Riccaltoun taught (and, in Thomson's account, inspired) James Thomson. He does not seem to have otherwise sought a reputation as a poet--his entire career was spent as minister of a single parisha nd his publications are all controversial divinity.
DNB describes Rhydderch as a "competent if not imaginative poet, best known for carols and ballads." His greatest significance is as a patriotic Welsh printer and bookseller, offering almanacs, a dictionary and grammar, devotional and moral works, and chapbooks and ballads for an increasingly literate Welsh-language audience. His almanacs promoted the idea of an eisteddfod. Interest in Welsh cultural history and poetic institutions is here paired with a business interest in bringing modern print culture to Wales.
Relph presents an interesting amalgam of the clerical man-of-letters and working-class/regional poet archetypes. He was born into an Anglican clerical family and was ordained, but he attended Glasgow (taking no degree) rather than one of the English universities and spent his short life (he died at 30) as a curate drawing £30 p.a.
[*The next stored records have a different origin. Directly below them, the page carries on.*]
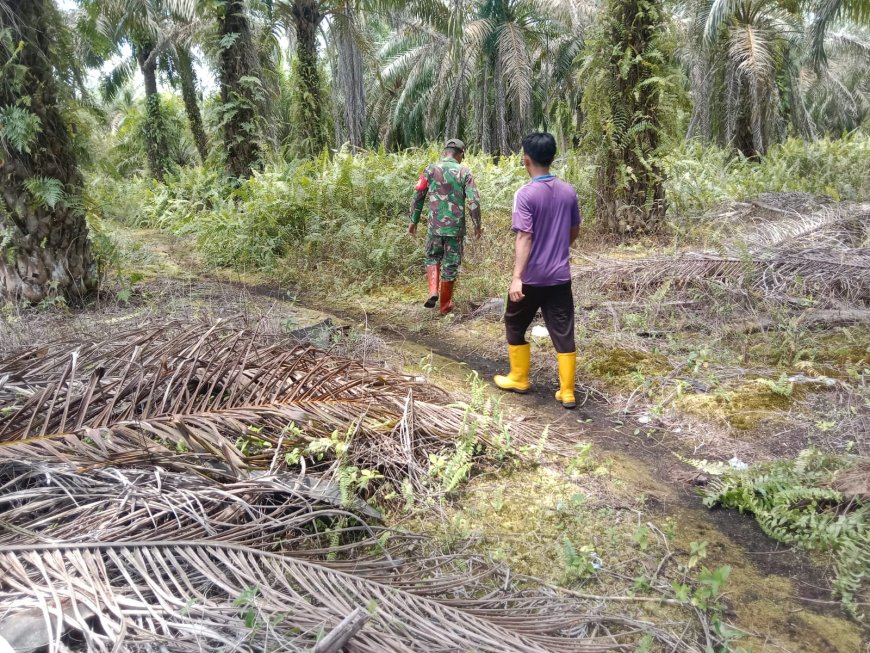 Penanggulangan Karhutla di Wilayah Koramil 02/Sungai Apit, Minggu 27 April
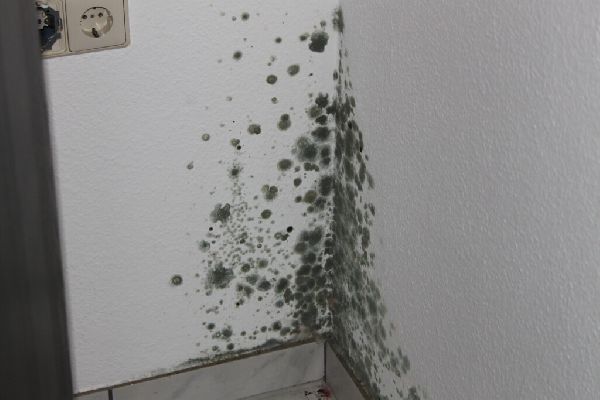 Meyer GbR - Schimmelpilz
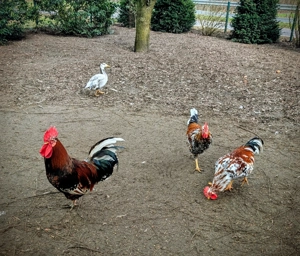 Schwedischer Blumenhahn  Junghahn Bild 2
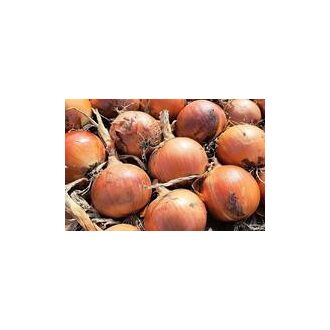 Vöröshagyma Epika F1 Prec. Cora Seeds - 100.000 szem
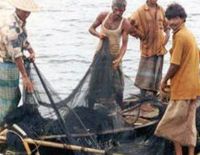 Израильский морской патруль задержал трёх палестинских рыбаков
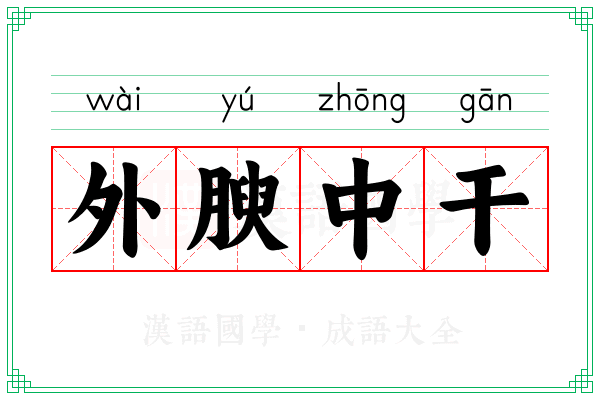 外腴中干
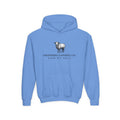 Youth Hoodie — Shepherd Clothing Co. 'Know His Voice' Lamb Graphic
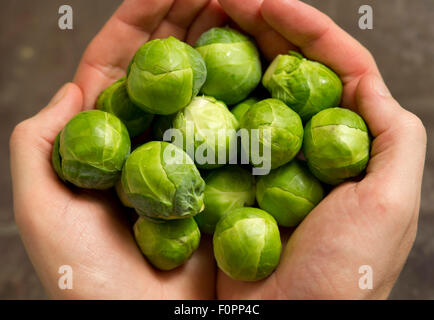 Ein fünf-am-Tag grünes Gemüse Rosenkohl oft Bestandteil ein Weihnachtsessen. eine UK Stockfoto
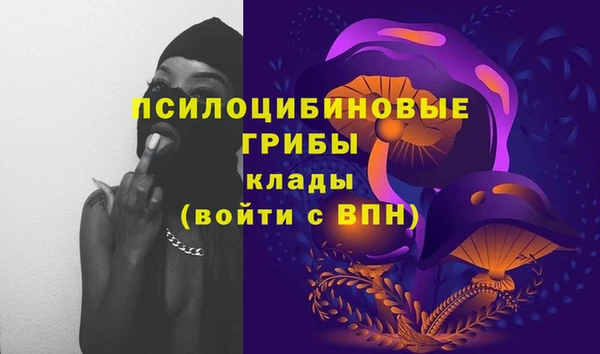 бошки Заволжск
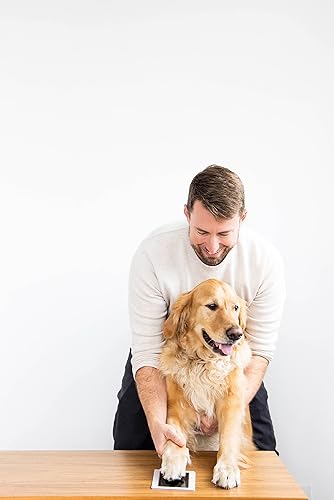 Miniatura 9 de Pearhead Clean-Touch - Paquete de 4 almohadillas de tinta para huellas de manos o huellas de bebé, almohadilla de tinta para huellas de gatos o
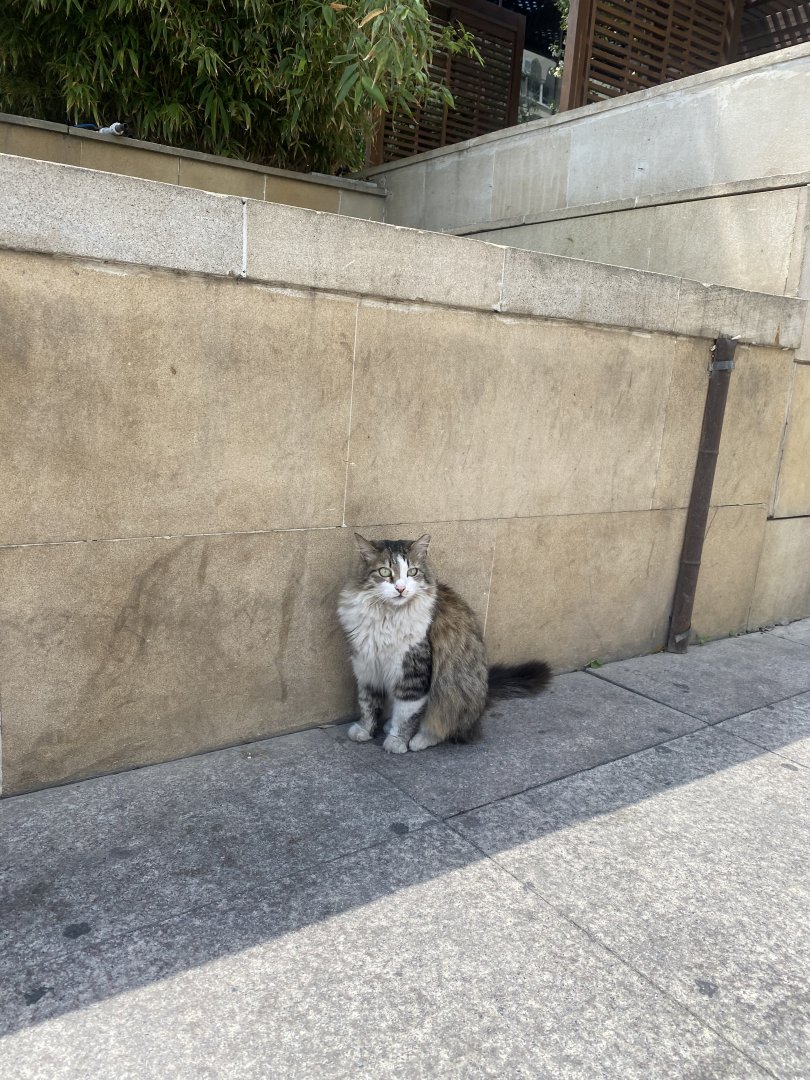 86792BF9-979F-4546-B12B-E45A67A99419.jpeg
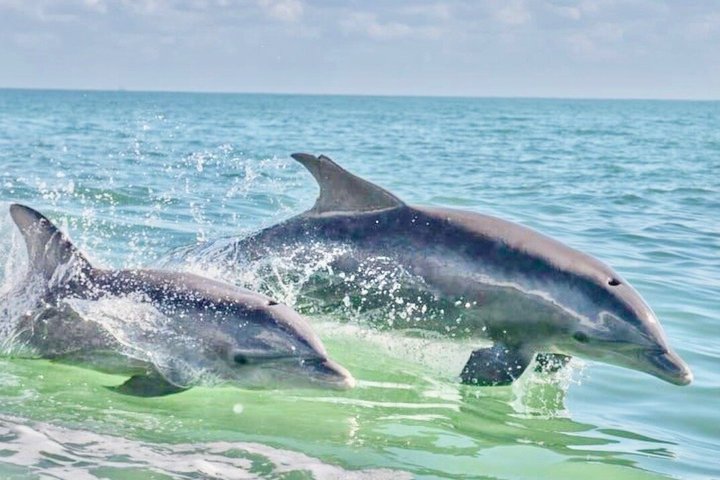 Delfinkryssning i Pensacola Beach | Frisky Mermaid | wizardtrip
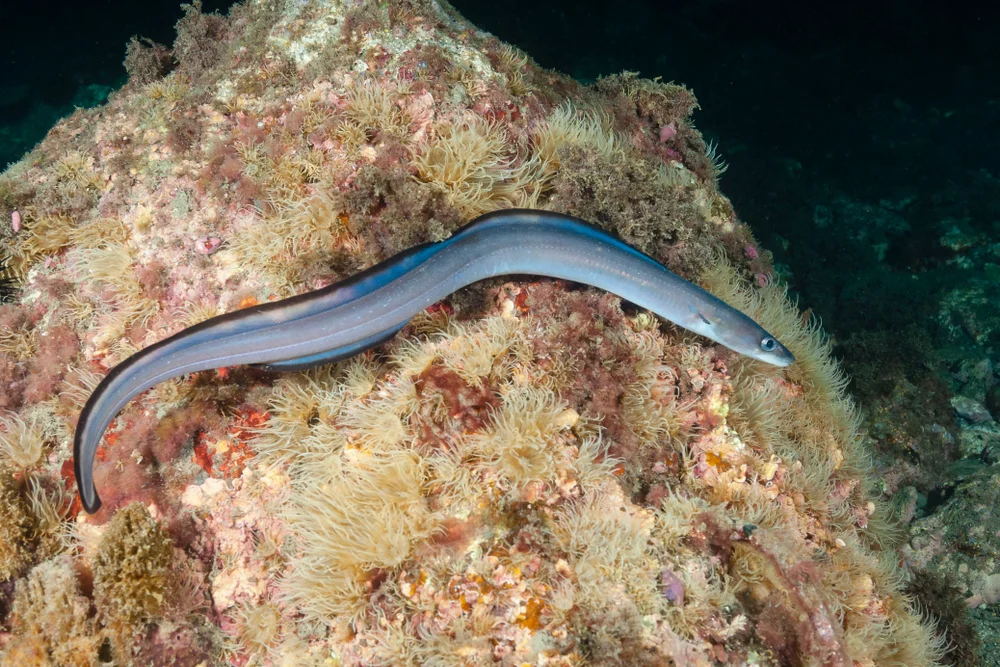 Conger,(conger,Conger),Granada,,Spain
His poems are written in Cumbrian dialect, but judging from the first one they're framed by verse introductions in standard English, implying a code-switching regional speaker who also knows the national standard.
"Ramsay was an early avatar of the primitivists and folklorists of the ; 1760s and thereafter, who wrote and collected at a time when it may yet ; have seemed possible to him that the preservation and defence of the ; culture of his native land might serve a political purpose rather than a; cultural or literary one." Ramsay was an Edinburgh burgesses and businessman, a member and founder of various Scottish Enlightenment clubs, a Jacobite and Scottish nationalist, and renowned as a poet throughout Britain.
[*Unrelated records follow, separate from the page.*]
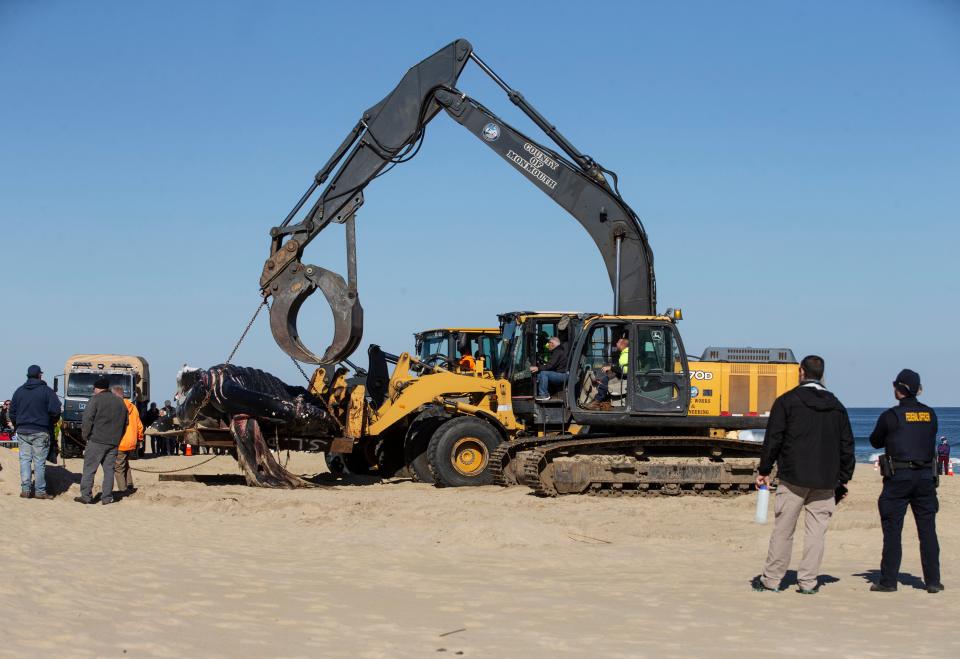 First responders and a Monmouth County work crew load a dead whale onto the back of a flat bed truck to be hauled away from Whiting Avenue Beach. The beached whale was the eighth to have died on or near the New Jersey’s coast since early December.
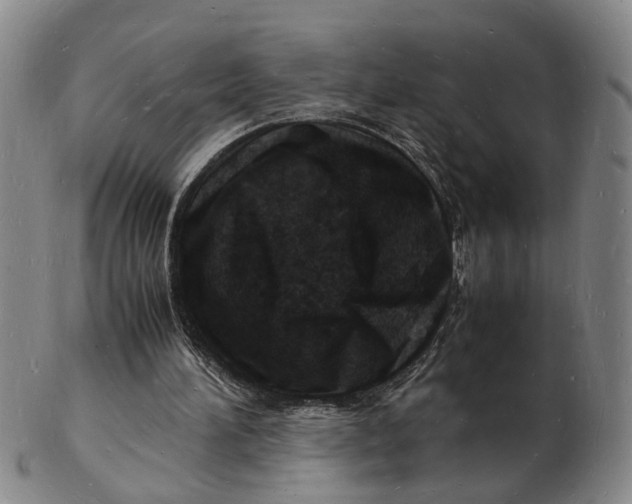 X0000102780196200809081035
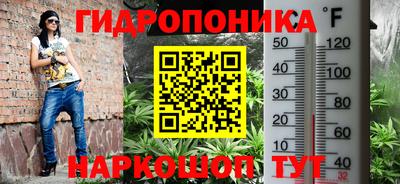 мдма Камышлов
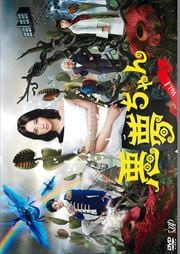 ̴ Vol.1
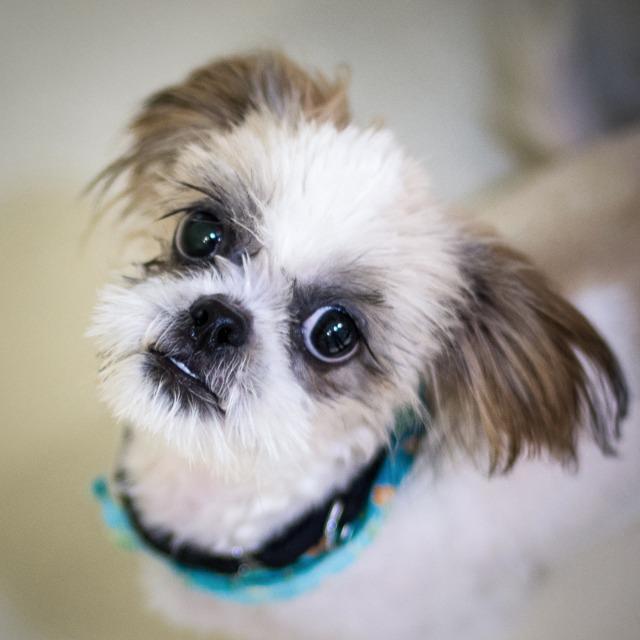 Enlarge Pixel, a Adopted Shih Tzu in Saint Petersburg, FL image 3/3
Ralph appeared in England after leaving a wife and daughter in Philadelphia--failing to find work in London, he assumed the name of his friend (and creditor) Benjamin Franklin and worked as a schoolteacher in Berkshire. Returning to London he seems to have sought to live by writing, first poetry, then drama, then political journalism and finally history. He worked with Fielding from c. 1730-1750, and beginning in the 40s received a series of pensions from various Whig political figures.
There is little evidence regarding Frowde's activities in the first two decades of the 18th c., but apparently he did not start seriously writing for money until his late 40s (DNB). His two tragic plays were mildly successful.